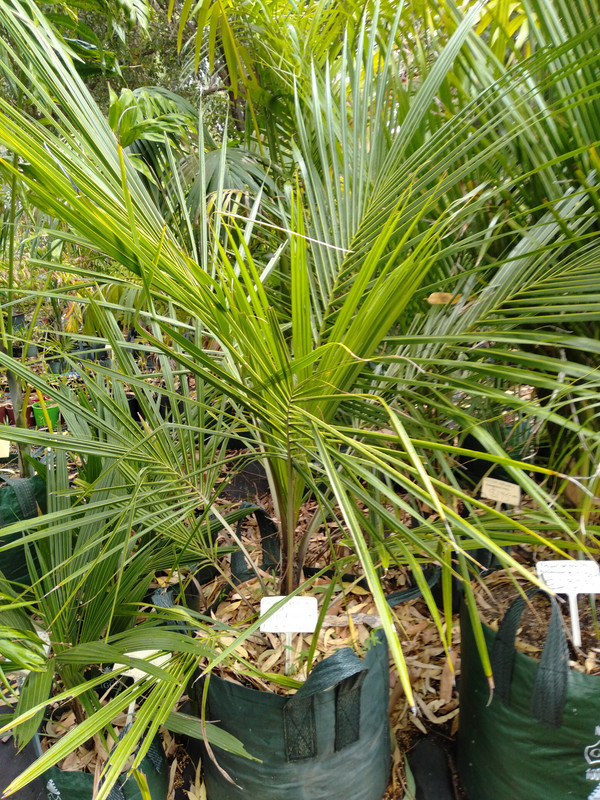 IMG20210206113222 beccariophoenix alfredii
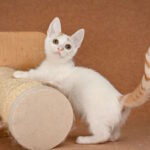 Duke-male-munchkin-cat-puppy-for-sale-1 (1)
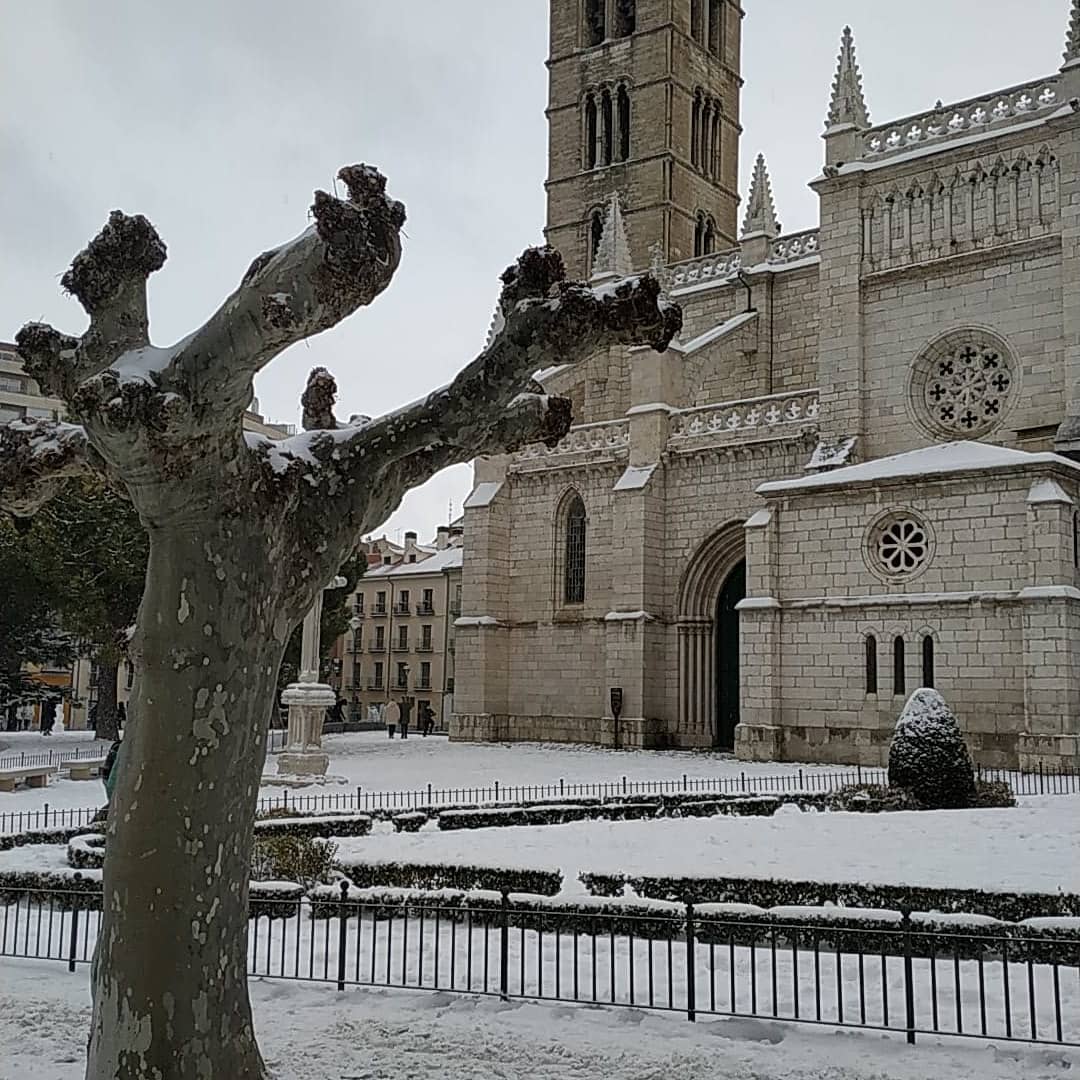 Aranalon's tweet photo. Nieve en Valladolid
#nieve #Valladolid #Filomena #frio https://t.co/npw8nSo5bS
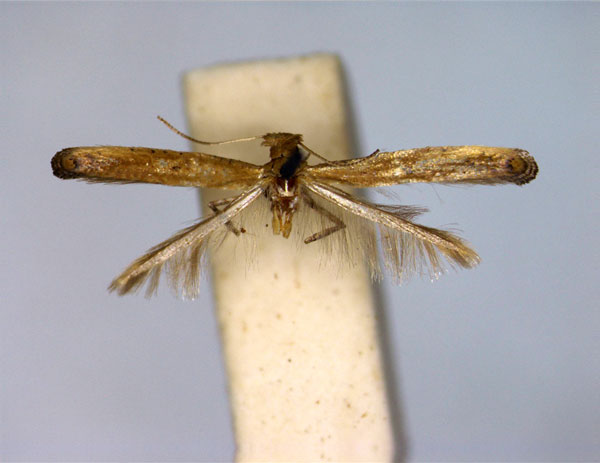 /filer/webapps/moths_gc/media/images/S/soyella_Caloptilia_A_EIHU_2.jpg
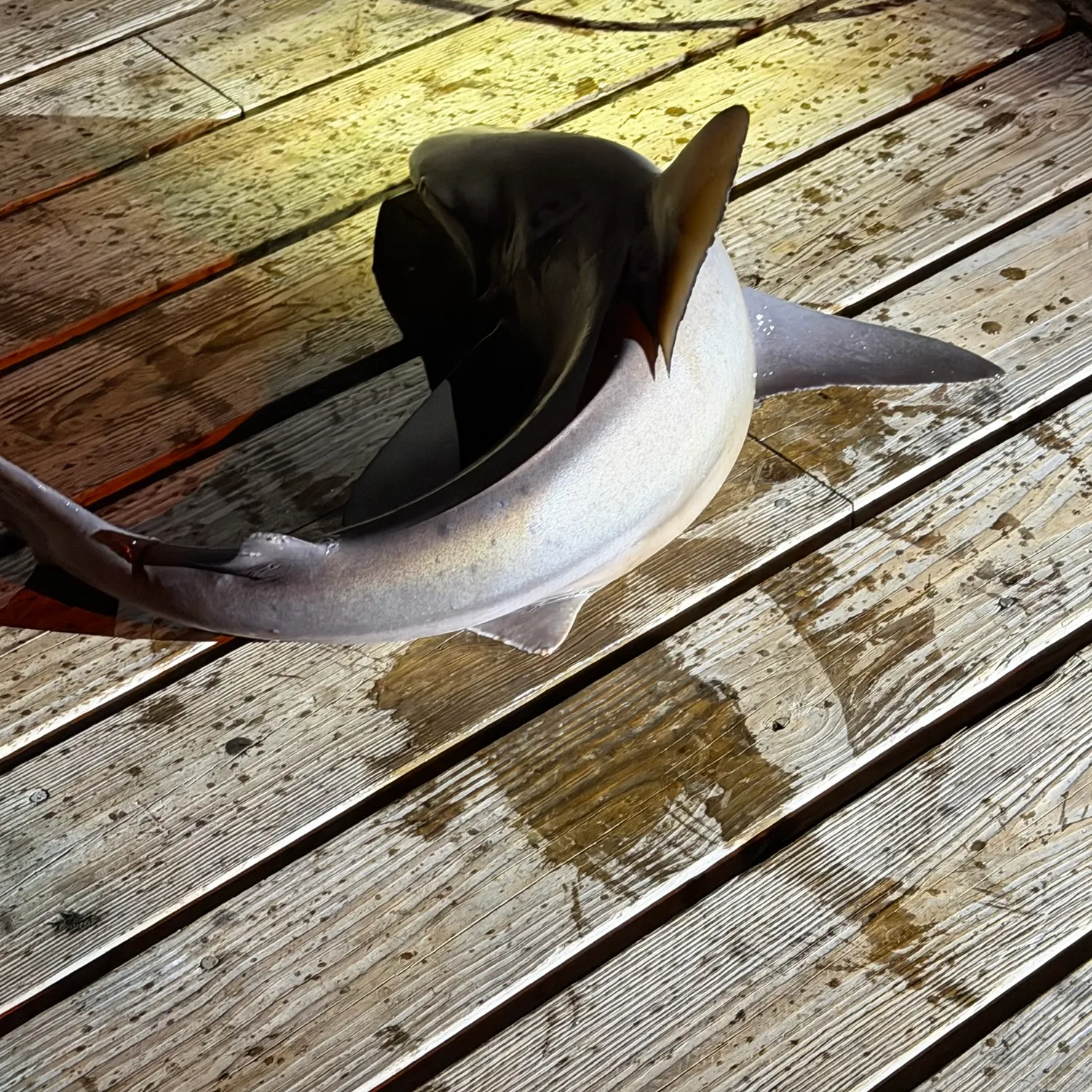 Sandbar shark caught on Fishbrain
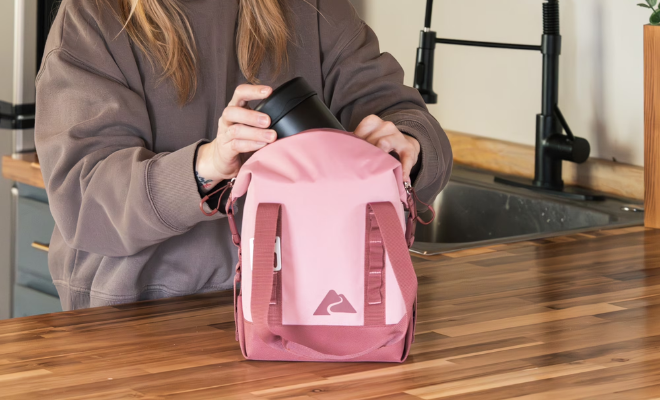 Ozark Trail Finds Only Deal: $7.94 at Walmart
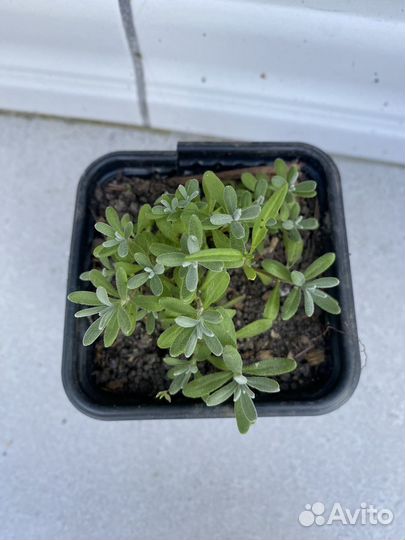 Лаванда зимостойкая Манстед 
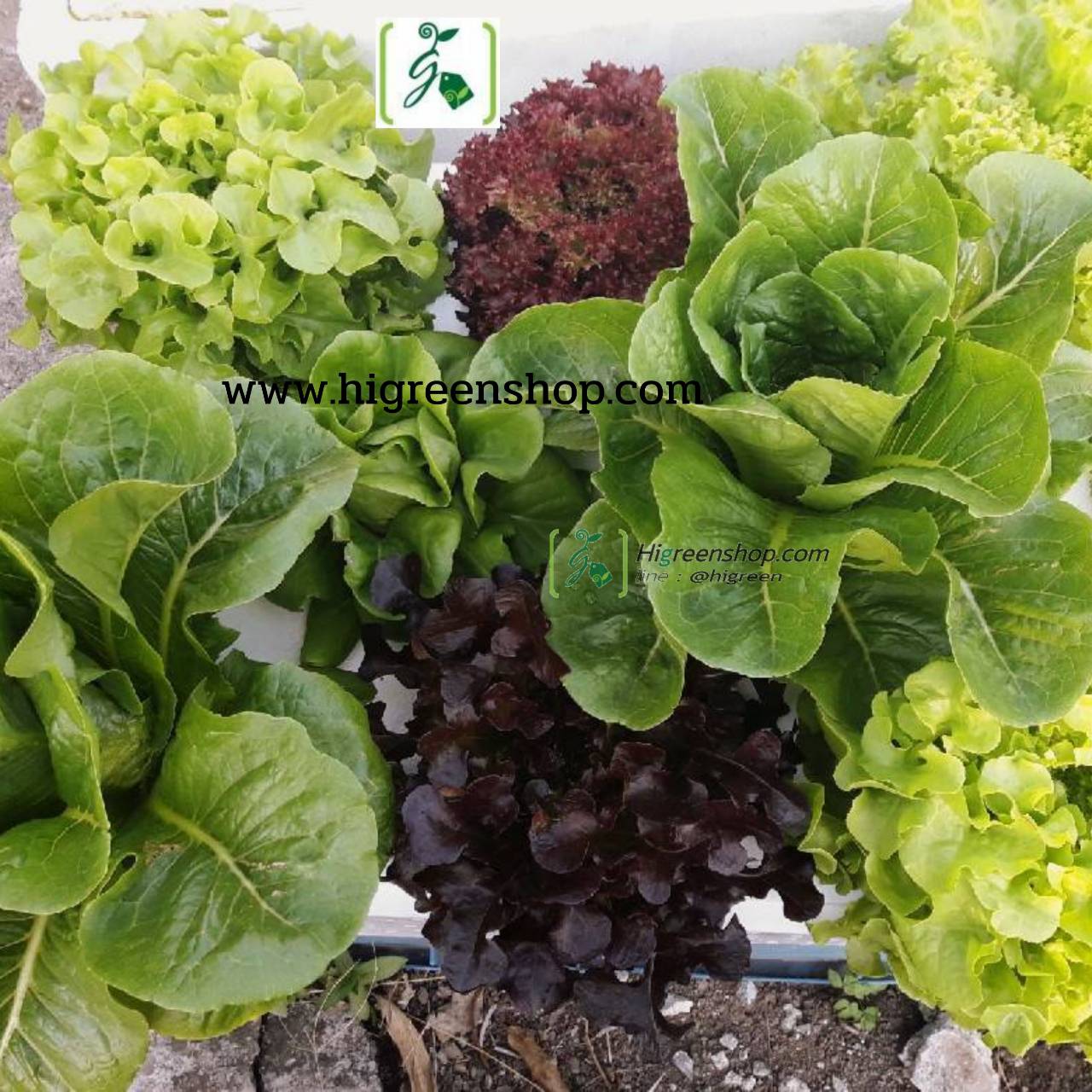 ชุดคิทกล่องโฟม 8 ต้น (น้ำนิ่ง)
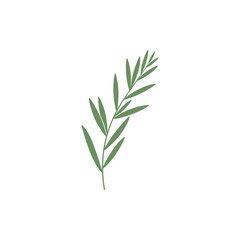 Obraz premium Tarragon Sprig with Modern Botanical Feel Botanical Herb Illustration Green Garden Foliage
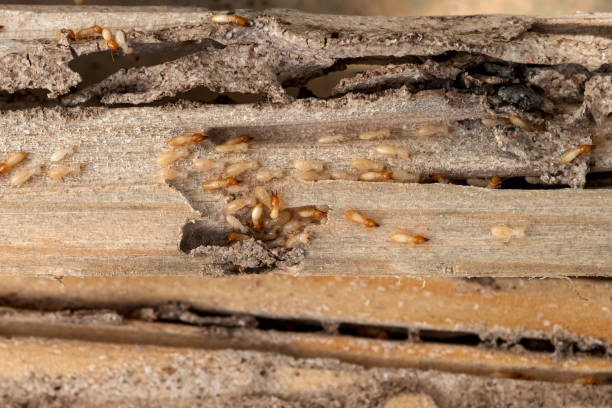 Best Pest Control for Restaurants  in Trinity, AL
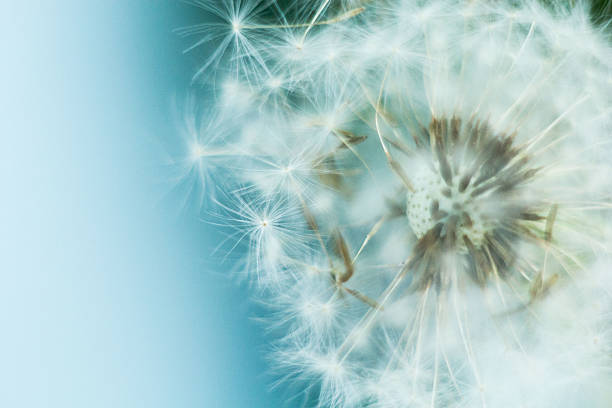 istock dandelion blowball and flying seeds 464542992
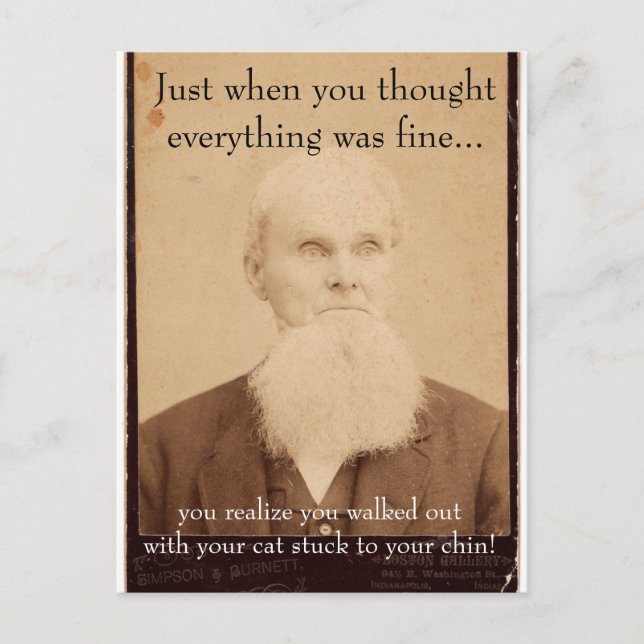 Old Man Bad Hair Day Postcard (Front)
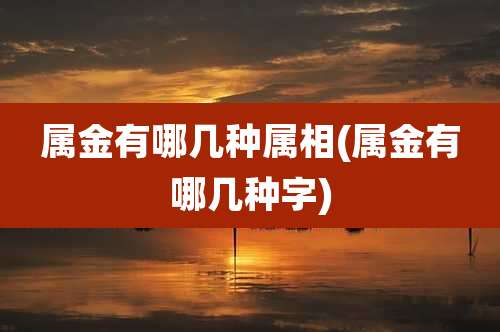 属金有哪几种属相(属金有哪几种字)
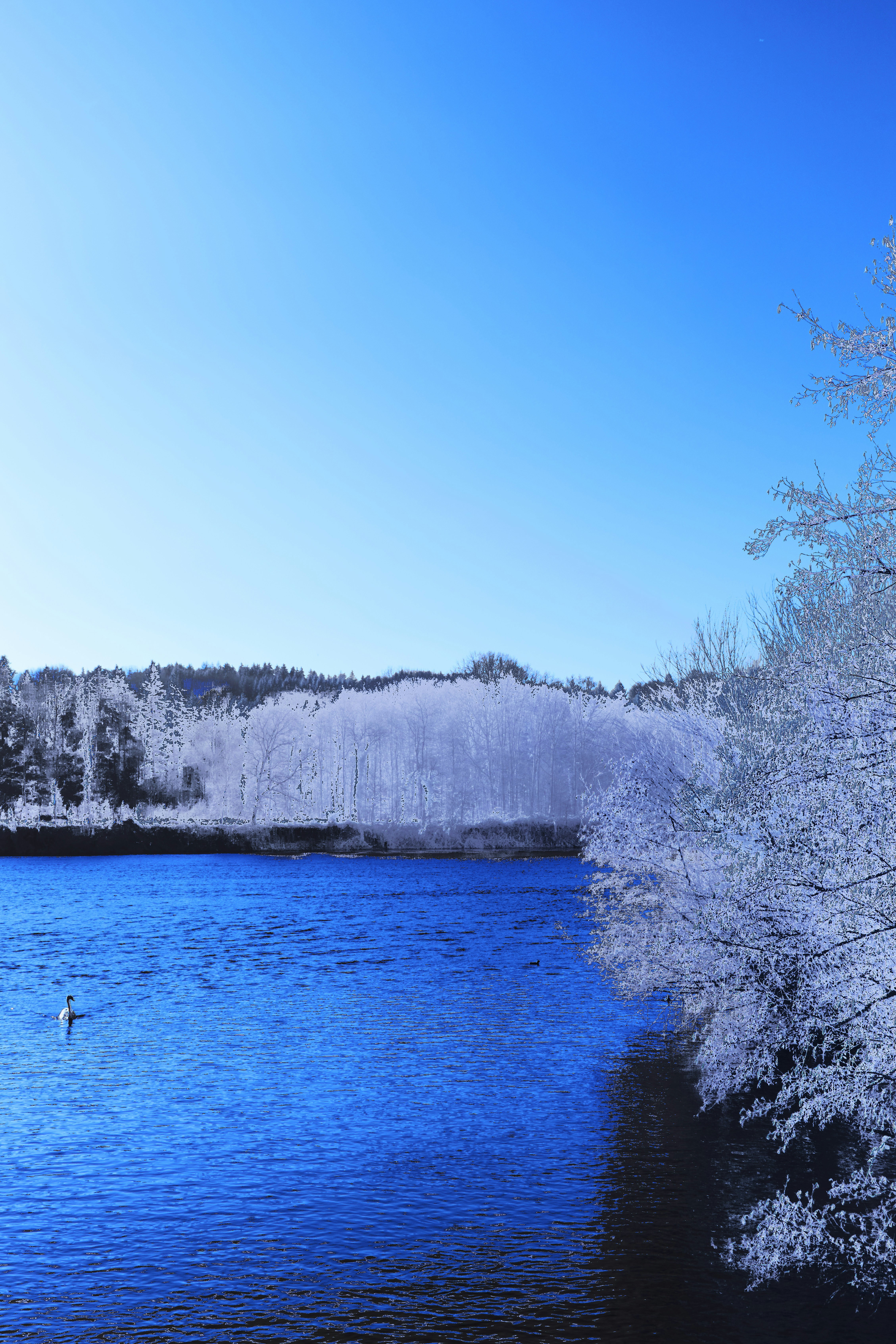 Photo by wolfgang_hasselmann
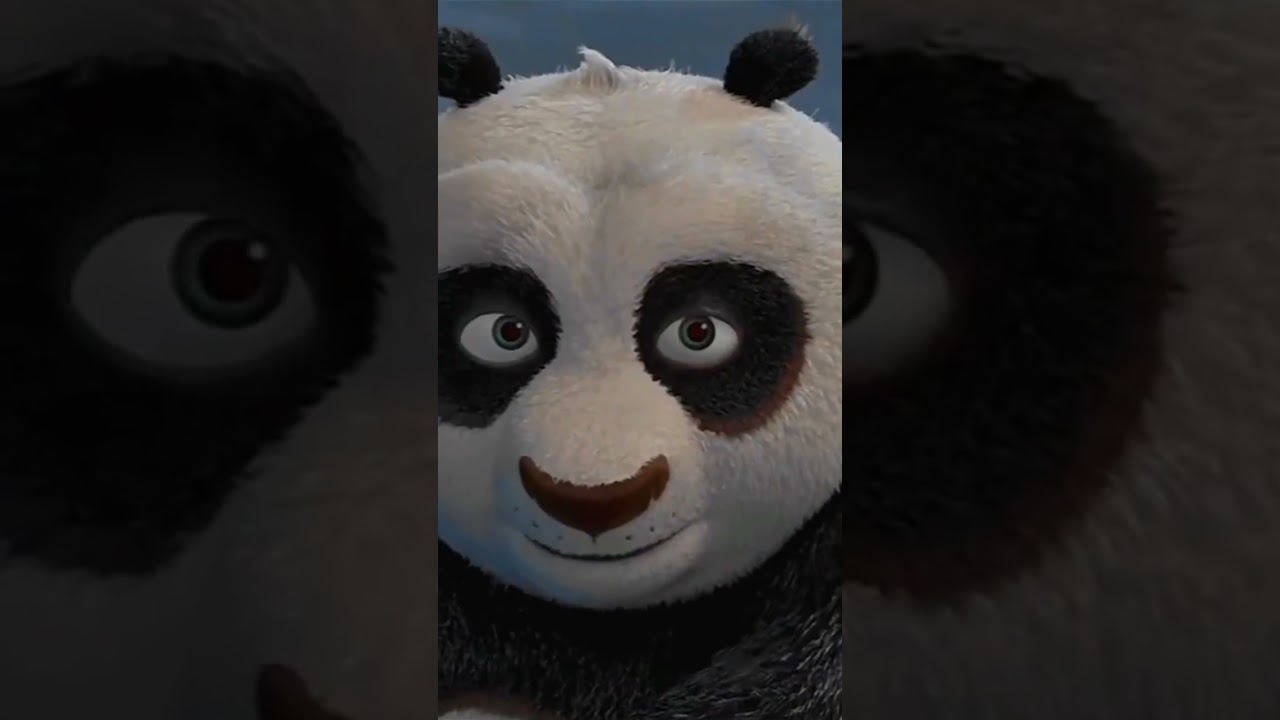 kungfu panda 🐼#panda #peace
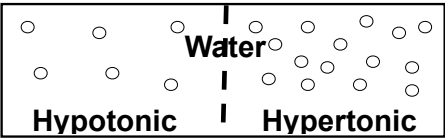 <p><strong><span style="color: yellow">Direction of osmosis is determined by comparing total solute concentrations</span></strong></p><p><strong><span style="color: red">Hypertonic</span></strong> - high solute (high osmolarity)</p><p><strong><span style="color: blue">Hypotonic</span></strong> - low solute (low osmolarity)</p><p><strong><span style="color: green">Isotonic</span></strong> - equal solute concentration (no net water flow)</p><p><img src="https://knowt-user-attachments.s3.amazonaws.com/dc6d2b6f-bb63-4273-a851-fc50e7f91c2c.jpeg"></p>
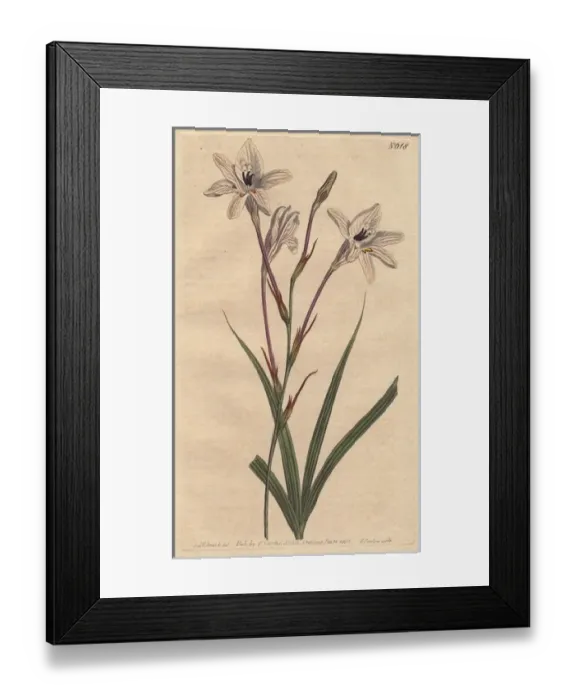 Framed Print : Long-tubed tritonia with pink stems and pink Framed Print : Long-tubed tritonia with pink stems and pink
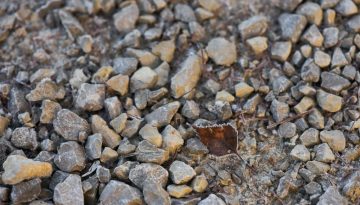 Aggregate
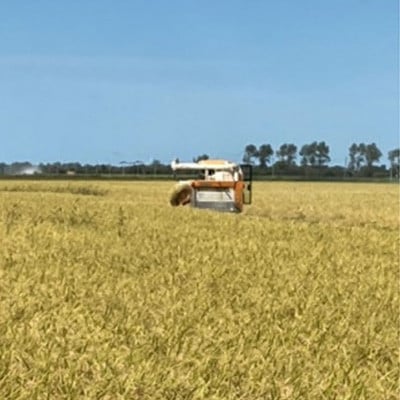 令和7年産　特別栽培米あきたこまち5kg(白米)【配送不可地域：離島・沖縄県】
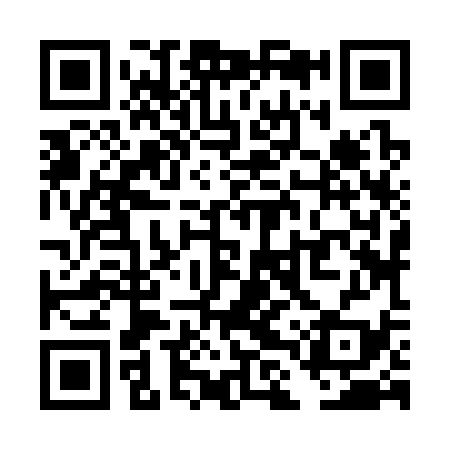QR code for TLZ339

..............................

_WHAT IS BEING ASKED_
Word for word, restate the lines above from the one with "ชุดคิทกล่องโฟม 8 ต้น (น้ำนิ่ง)" through the one with "属金有哪几种属相(属金有哪几种字)", keeping both ends and dropping the pictures.

_EXERCISE OUTPUT_
 ชุดคิทกล่องโฟม 8 ต้น (น้ำนิ่ง)
 Obraz premium Tarragon Sprig with Modern Botanical Feel Botanical Herb Illustration Green Garden Foliage
 Best Pest Control for Restaurants  in Trinity, AL
 istock dandelion blowball and flying seeds 464542992
 Old Man Bad Hair Day Postcard (Front)
 属金有哪几种属相(属金有哪几种字)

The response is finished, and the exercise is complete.